Ainda não parecia certo olhar-se no espelho; era como se sempre que o fizesse, visse refletido o garoto assustado e sujo do dia da purificação. Não conseguia tirar esse momento da cabeça, embora já houvesse se passado quase um mês do ocorrido. Depois daquilo, seu pai ficou ligeiramente mais distante, tratando-o com mais repugnância do que anteriormente, como se agora tampouco tocá-lo pudesse lhe transmitir alguma doença.
O que não lhe ajudou em nada quando, uma semana depois, uma infecção na garganta foi descoberta. Trataram como um possível vírus que se espalhava pela região, — visto que casos semelhantes estavam sendo observados — assim, permanecendo uma semana recluso no próprio quarto até os sintomas diminuírem depois de alguns comprimidos e antibióticos. Por conta disso, não era a primeira consulta com Matthew após a purificação, quando estava péssimo fisicamente e mentalmente.
Assim que melhorou, novamente foi ameaçado para manter a boca bem fechada, o que faria mesmo sem qualquer ultraje. Afinal, envergonhava-se com o que acontecera, e via-se mais como uma falha por algo daquela magnitude ter falhado para a sua síndrome — como se fosse algo tão simples de ser resolvido. Portanto, quando se encontrou com Matthew após o ocorrido, a consulta prosseguiu como sempre, embora ele tenha pressionado a tecla de que era evidente que havia algo o incomodando.

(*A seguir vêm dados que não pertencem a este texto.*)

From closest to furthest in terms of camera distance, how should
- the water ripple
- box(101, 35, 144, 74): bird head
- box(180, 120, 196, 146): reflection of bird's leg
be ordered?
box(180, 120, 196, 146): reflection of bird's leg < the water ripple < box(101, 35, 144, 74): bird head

E realmente havia. Mas não podia contar para o homem o que era, afinal, mal compreendia e pensava não conseguir descrever o sentimento. Como poderia lhe afirmar que sentiu enfim algo e foi o pior momento da sua vida? Ele não acreditaria, até porque não fazia sentido. O máximo que poderia exprimir era que se sentia cansado o tempo todo; sujo.
Enfim tirou isso da cabeça, terminando de arrumar-se ao calçar o seu tênis. Seguidamente, saiu do banheiro e deparou-se com a figura da sua mãe parada ao lado da porta do seu quarto, examinando ou apenas olhando diretamente para algo.
— Mãe? — Chamou a sua atenção, vendo-a virar-se na sua direção e dispor um sorriso afável no rosto à medida que se agachava para ficar à sua altura.
— Oi, querido. Eu tava te procurando. — Manteve o sorriso na face, abrindo as mãos à sua frente e revelando um colar com um pingente em formato de crucifixo.
— O que... é isso? — Franziu o cenho, pegando-o pela corrente e o examinando atentamente.
— Seu pai comprou pra você. — Suspirou, sinalizando para que se aproximasse, e assim o fez. — Disse que é pra você usar, querido.
— Não quero. — Grunhiu, devolvendo o colar. — É feio.
— Isaac... não vamos arranjar problema com o seu pai, que tal? Ele lhe comprou um colar, não custa nada usá-lo...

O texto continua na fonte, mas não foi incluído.